EXERCISE OBJECTIVE
Once you find the line with "Photo of property", transcribe it and all the lines that follow to the end of the data, exactly as written; skip any pictures.

═══ INPUT DATA ═══

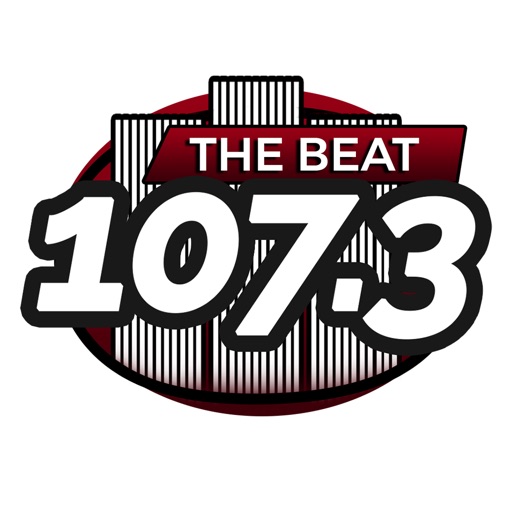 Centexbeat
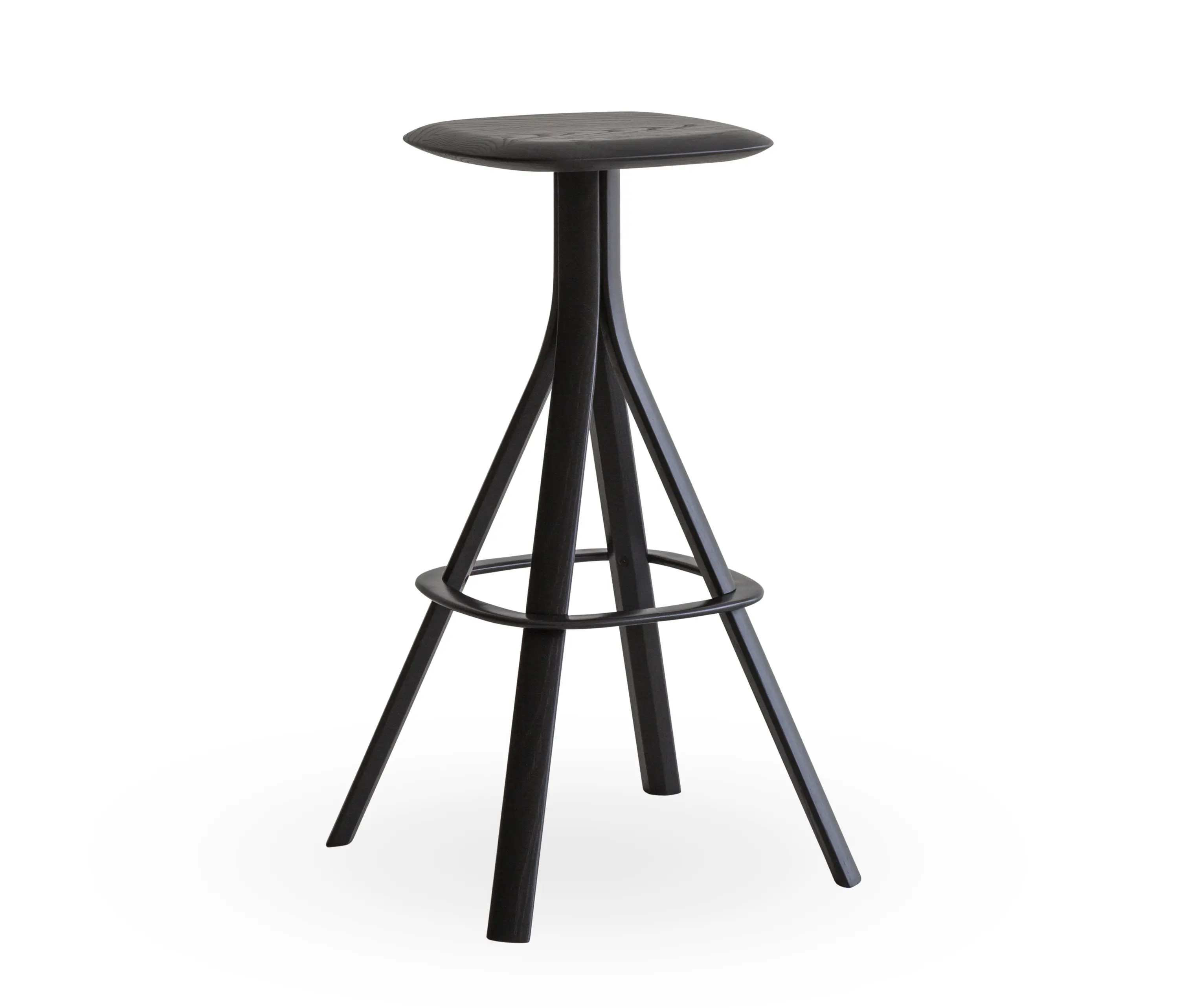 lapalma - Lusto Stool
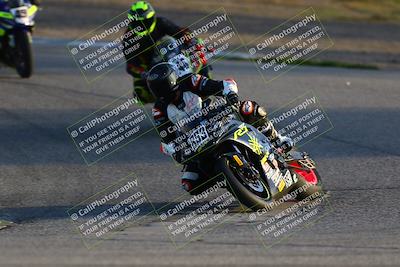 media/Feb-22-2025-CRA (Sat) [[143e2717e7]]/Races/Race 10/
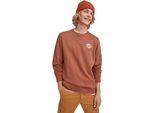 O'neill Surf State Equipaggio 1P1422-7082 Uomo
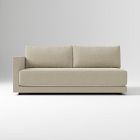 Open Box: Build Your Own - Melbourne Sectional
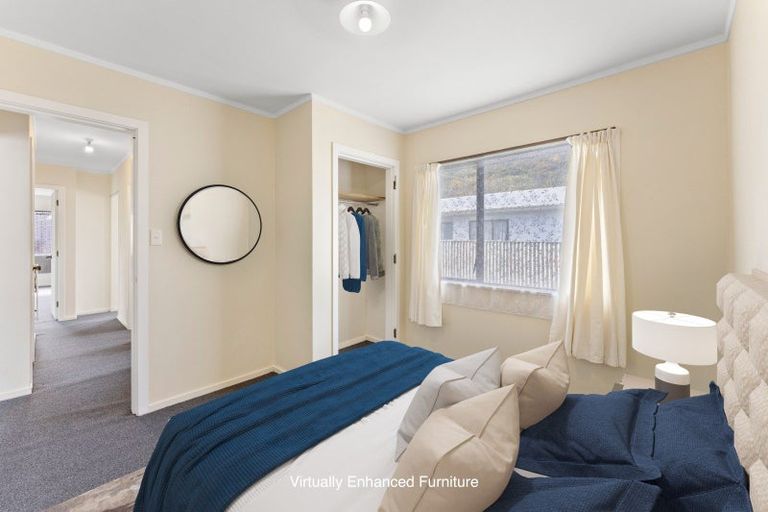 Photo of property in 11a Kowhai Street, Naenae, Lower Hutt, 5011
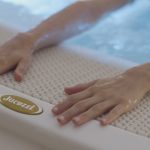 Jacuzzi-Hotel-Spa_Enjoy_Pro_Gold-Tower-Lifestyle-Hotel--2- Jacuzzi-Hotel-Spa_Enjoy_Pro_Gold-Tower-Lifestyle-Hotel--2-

═══

ANSWER BOX
 Photo of property in 11a Kowhai Street, Naenae, Lower Hutt, 5011
 Jacuzzi-Hotel-Spa_Enjoy_Pro_Gold-Tower-Lifestyle-Hotel--2- Jacuzzi-Hotel-Spa_Enjoy_Pro_Gold-Tower-Lifestyle-Hotel--2-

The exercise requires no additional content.